*** Data for review ***

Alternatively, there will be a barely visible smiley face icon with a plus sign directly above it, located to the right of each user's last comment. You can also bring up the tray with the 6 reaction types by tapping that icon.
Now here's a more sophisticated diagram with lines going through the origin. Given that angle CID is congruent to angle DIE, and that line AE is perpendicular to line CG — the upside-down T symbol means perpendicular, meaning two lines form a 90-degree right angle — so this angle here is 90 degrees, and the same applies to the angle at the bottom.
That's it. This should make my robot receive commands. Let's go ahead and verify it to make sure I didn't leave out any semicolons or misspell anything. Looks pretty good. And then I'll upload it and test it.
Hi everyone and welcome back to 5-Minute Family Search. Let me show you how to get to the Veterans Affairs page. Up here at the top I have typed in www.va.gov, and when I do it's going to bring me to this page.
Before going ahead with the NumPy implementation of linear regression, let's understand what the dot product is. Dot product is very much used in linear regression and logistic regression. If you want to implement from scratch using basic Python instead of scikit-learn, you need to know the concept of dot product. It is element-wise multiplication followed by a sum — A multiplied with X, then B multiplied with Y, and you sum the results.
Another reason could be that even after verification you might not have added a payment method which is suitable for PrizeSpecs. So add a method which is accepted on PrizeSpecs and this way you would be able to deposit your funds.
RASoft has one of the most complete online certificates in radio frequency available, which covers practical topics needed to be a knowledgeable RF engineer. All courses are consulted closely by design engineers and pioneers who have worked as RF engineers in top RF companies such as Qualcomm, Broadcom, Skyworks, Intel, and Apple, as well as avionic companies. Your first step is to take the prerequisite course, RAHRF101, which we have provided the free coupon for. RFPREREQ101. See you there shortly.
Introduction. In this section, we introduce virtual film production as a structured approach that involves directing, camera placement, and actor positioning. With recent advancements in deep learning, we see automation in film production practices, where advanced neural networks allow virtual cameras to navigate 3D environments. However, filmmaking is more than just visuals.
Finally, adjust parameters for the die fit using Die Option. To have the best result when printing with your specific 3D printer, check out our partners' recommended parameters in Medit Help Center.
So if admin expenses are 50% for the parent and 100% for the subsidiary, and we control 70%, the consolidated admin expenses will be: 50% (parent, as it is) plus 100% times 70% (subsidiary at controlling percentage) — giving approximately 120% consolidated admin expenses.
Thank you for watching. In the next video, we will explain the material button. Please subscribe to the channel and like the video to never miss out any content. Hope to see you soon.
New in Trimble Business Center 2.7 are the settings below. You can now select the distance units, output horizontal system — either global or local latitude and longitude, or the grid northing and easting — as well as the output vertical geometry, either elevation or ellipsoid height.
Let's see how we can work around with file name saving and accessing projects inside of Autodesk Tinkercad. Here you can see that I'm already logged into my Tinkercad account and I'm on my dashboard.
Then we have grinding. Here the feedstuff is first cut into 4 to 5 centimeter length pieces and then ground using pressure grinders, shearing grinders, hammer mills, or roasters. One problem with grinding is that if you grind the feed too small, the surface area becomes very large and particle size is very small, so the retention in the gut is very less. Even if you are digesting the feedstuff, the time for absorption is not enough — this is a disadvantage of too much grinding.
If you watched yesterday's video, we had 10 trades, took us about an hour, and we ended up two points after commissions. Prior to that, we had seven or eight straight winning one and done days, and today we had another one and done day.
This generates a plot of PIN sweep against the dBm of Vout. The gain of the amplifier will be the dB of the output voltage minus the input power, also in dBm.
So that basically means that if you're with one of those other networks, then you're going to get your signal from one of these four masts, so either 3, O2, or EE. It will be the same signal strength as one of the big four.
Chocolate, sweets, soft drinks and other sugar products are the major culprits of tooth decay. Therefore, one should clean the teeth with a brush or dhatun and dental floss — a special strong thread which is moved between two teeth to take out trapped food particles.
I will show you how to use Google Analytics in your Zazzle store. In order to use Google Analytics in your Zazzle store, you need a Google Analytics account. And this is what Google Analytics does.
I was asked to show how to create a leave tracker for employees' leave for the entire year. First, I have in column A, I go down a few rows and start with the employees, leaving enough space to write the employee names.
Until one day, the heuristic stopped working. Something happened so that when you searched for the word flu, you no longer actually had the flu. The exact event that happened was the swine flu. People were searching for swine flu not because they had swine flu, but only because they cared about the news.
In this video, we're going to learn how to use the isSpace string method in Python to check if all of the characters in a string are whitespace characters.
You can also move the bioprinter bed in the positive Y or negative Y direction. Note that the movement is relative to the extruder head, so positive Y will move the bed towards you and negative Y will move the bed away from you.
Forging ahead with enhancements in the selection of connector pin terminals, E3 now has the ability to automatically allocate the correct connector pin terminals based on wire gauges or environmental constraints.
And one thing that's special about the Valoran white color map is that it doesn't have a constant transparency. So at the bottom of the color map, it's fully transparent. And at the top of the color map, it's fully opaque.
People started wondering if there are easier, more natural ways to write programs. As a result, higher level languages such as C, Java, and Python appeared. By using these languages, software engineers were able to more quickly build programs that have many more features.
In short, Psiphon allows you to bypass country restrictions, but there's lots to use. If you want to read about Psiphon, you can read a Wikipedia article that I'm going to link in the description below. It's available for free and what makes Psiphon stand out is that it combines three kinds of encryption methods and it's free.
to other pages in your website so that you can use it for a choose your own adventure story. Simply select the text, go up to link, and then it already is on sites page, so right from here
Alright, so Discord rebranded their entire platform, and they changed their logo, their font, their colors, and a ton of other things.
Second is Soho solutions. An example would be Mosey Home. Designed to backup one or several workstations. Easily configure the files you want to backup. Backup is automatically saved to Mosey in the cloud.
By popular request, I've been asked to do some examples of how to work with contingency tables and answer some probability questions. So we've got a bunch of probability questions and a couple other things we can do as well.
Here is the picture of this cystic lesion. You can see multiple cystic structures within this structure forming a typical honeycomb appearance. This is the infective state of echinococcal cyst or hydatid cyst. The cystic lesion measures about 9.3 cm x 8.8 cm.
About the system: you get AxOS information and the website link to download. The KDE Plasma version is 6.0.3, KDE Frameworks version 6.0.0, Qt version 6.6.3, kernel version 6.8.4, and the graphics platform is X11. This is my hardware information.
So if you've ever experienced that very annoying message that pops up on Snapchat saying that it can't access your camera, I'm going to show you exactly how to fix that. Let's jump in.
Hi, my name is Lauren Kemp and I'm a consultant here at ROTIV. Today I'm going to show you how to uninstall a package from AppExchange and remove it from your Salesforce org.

*** End of Data for review ***

[Directions] What you return must match the records above exactly.

[Solution for this problem]
Alternatively, there will be a barely visible smiley face icon with a plus sign directly above it, located to the right of each user's last comment. You can also bring up the tray with the 6 reaction types by tapping that icon.
Now here's a more sophisticated diagram with lines going through the origin. Given that angle CID is congruent to angle DIE, and that line AE is perpendicular to line CG — the upside-down T symbol means perpendicular, meaning two lines form a 90-degree right angle — so this angle here is 90 degrees, and the same applies to the angle at the bottom.
That's it. This should make my robot receive commands. Let's go ahead and verify it to make sure I didn't leave out any semicolons or misspell anything. Looks pretty good. And then I'll upload it and test it.
Hi everyone and welcome back to 5-Minute Family Search. Let me show you how to get to the Veterans Affairs page. Up here at the top I have typed in www.va.gov, and when I do it's going to bring me to this page.
Before going ahead with the NumPy implementation of linear regression, let's understand what the dot product is. Dot product is very much used in linear regression and logistic regression. If you want to implement from scratch using basic Python instead of scikit-learn, you need to know the concept of dot product. It is element-wise multiplication followed by a sum — A multiplied with X, then B multiplied with Y, and you sum the results.
Another reason could be that even after verification you might not have added a payment method which is suitable for PrizeSpecs. So add a method which is accepted on PrizeSpecs and this way you would be able to deposit your funds.
RASoft has one of the most complete online certificates in radio frequency available, which covers practical topics needed to be a knowledgeable RF engineer. All courses are consulted closely by design engineers and pioneers who have worked as RF engineers in top RF companies such as Qualcomm, Broadcom, Skyworks, Intel, and Apple, as well as avionic companies. Your first step is to take the prerequisite course, RAHRF101, which we have provided the free coupon for. RFPREREQ101. See you there shortly.
Introduction. In this section, we introduce virtual film production as a structured approach that involves directing, camera placement, and actor positioning. With recent advancements in deep learning, we see automation in film production practices, where advanced neural networks allow virtual cameras to navigate 3D environments. However, filmmaking is more than just visuals.
Finally, adjust parameters for the die fit using Die Option. To have the best result when printing with your specific 3D printer, check out our partners' recommended parameters in Medit Help Center.
So if admin expenses are 50% for the parent and 100% for the subsidiary, and we control 70%, the consolidated admin expenses will be: 50% (parent, as it is) plus 100% times 70% (subsidiary at controlling percentage) — giving approximately 120% consolidated admin expenses.
Thank you for watching. In the next video, we will explain the material button. Please subscribe to the channel and like the video to never miss out any content. Hope to see you soon.
New in Trimble Business Center 2.7 are the settings below. You can now select the distance units, output horizontal system — either global or local latitude and longitude, or the grid northing and easting — as well as the output vertical geometry, either elevation or ellipsoid height.
Let's see how we can work around with file name saving and accessing projects inside of Autodesk Tinkercad. Here you can see that I'm already logged into my Tinkercad account and I'm on my dashboard.
Then we have grinding. Here the feedstuff is first cut into 4 to 5 centimeter length pieces and then ground using pressure grinders, shearing grinders, hammer mills, or roasters. One problem with grinding is that if you grind the feed too small, the surface area becomes very large and particle size is very small, so the retention in the gut is very less. Even if you are digesting the feedstuff, the time for absorption is not enough — this is a disadvantage of too much grinding.
If you watched yesterday's video, we had 10 trades, took us about an hour, and we ended up two points after commissions. Prior to that, we had seven or eight straight winning one and done days, and today we had another one and done day.
This generates a plot of PIN sweep against the dBm of Vout. The gain of the amplifier will be the dB of the output voltage minus the input power, also in dBm.
So that basically means that if you're with one of those other networks, then you're going to get your signal from one of these four masts, so either 3, O2, or EE. It will be the same signal strength as one of the big four.
Chocolate, sweets, soft drinks and other sugar products are the major culprits of tooth decay. Therefore, one should clean the teeth with a brush or dhatun and dental floss — a special strong thread which is moved between two teeth to take out trapped food particles.
I will show you how to use Google Analytics in your Zazzle store. In order to use Google Analytics in your Zazzle store, you need a Google Analytics account. And this is what Google Analytics does.
I was asked to show how to create a leave tracker for employees' leave for the entire year. First, I have in column A, I go down a few rows and start with the employees, leaving enough space to write the employee names.
Until one day, the heuristic stopped working. Something happened so that when you searched for the word flu, you no longer actually had the flu. The exact event that happened was the swine flu. People were searching for swine flu not because they had swine flu, but only because they cared about the news.
In this video, we're going to learn how to use the isSpace string method in Python to check if all of the characters in a string are whitespace characters.
You can also move the bioprinter bed in the positive Y or negative Y direction. Note that the movement is relative to the extruder head, so positive Y will move the bed towards you and negative Y will move the bed away from you.
Forging ahead with enhancements in the selection of connector pin terminals, E3 now has the ability to automatically allocate the correct connector pin terminals based on wire gauges or environmental constraints.
And one thing that's special about the Valoran white color map is that it doesn't have a constant transparency. So at the bottom of the color map, it's fully transparent. And at the top of the color map, it's fully opaque.
People started wondering if there are easier, more natural ways to write programs. As a result, higher level languages such as C, Java, and Python appeared. By using these languages, software engineers were able to more quickly build programs that have many more features.
In short, Psiphon allows you to bypass country restrictions, but there's lots to use. If you want to read about Psiphon, you can read a Wikipedia article that I'm going to link in the description below. It's available for free and what makes Psiphon stand out is that it combines three kinds of encryption methods and it's free.
to other pages in your website so that you can use it for a choose your own adventure story. Simply select the text, go up to link, and then it already is on sites page, so right from here
Alright, so Discord rebranded their entire platform, and they changed their logo, their font, their colors, and a ton of other things.
Second is Soho solutions. An example would be Mosey Home. Designed to backup one or several workstations. Easily configure the files you want to backup. Backup is automatically saved to Mosey in the cloud.
By popular request, I've been asked to do some examples of how to work with contingency tables and answer some probability questions. So we've got a bunch of probability questions and a couple other things we can do as well.
Here is the picture of this cystic lesion. You can see multiple cystic structures within this structure forming a typical honeycomb appearance. This is the infective state of echinococcal cyst or hydatid cyst. The cystic lesion measures about 9.3 cm x 8.8 cm.
About the system: you get AxOS information and the website link to download. The KDE Plasma version is 6.0.3, KDE Frameworks version 6.0.0, Qt version 6.6.3, kernel version 6.8.4, and the graphics platform is X11. This is my hardware information.
So if you've ever experienced that very annoying message that pops up on Snapchat saying that it can't access your camera, I'm going to show you exactly how to fix that. Let's jump in.
Hi, my name is Lauren Kemp and I'm a consultant here at ROTIV. Today I'm going to show you how to uninstall a package from AppExchange and remove it from your Salesforce org.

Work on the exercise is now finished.